_Your task:_ Return only the line that contains "Rose Nipple Clamps Pinchers with Rhinestones" and each line after it, through the last line of the data below, copied exactly.

Information START

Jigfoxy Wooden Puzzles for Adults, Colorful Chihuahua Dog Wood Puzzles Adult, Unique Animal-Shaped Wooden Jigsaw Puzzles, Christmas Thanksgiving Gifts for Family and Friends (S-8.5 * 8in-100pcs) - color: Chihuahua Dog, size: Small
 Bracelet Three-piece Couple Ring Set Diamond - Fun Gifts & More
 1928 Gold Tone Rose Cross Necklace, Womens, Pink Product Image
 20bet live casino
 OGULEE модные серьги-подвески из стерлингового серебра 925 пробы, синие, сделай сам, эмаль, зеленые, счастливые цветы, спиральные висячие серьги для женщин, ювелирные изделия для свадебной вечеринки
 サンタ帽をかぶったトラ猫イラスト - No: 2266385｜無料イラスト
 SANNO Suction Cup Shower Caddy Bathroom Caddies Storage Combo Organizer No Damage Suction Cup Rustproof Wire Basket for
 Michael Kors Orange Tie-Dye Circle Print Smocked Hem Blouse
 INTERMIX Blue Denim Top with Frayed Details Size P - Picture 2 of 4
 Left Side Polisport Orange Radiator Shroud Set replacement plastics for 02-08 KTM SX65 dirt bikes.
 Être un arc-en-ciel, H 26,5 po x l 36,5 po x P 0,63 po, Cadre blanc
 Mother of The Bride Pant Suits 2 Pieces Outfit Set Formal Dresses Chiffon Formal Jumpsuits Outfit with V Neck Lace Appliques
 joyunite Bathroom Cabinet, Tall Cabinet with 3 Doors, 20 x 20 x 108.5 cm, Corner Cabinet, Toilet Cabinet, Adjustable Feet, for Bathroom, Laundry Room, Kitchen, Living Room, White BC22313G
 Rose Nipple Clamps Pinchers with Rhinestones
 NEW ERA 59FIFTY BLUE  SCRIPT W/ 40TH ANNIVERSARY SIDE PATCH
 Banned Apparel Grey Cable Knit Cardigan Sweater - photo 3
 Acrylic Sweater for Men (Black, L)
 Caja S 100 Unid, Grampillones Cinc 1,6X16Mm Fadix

Information END

_Task response:_
 Rose Nipple Clamps Pinchers with Rhinestones
 NEW ERA 59FIFTY BLUE  SCRIPT W/ 40TH ANNIVERSARY SIDE PATCH
 Banned Apparel Grey Cable Knit Cardigan Sweater - photo 3
 Acrylic Sweater for Men (Black, L)
 Caja S 100 Unid, Grampillones Cinc 1,6X16Mm Fadix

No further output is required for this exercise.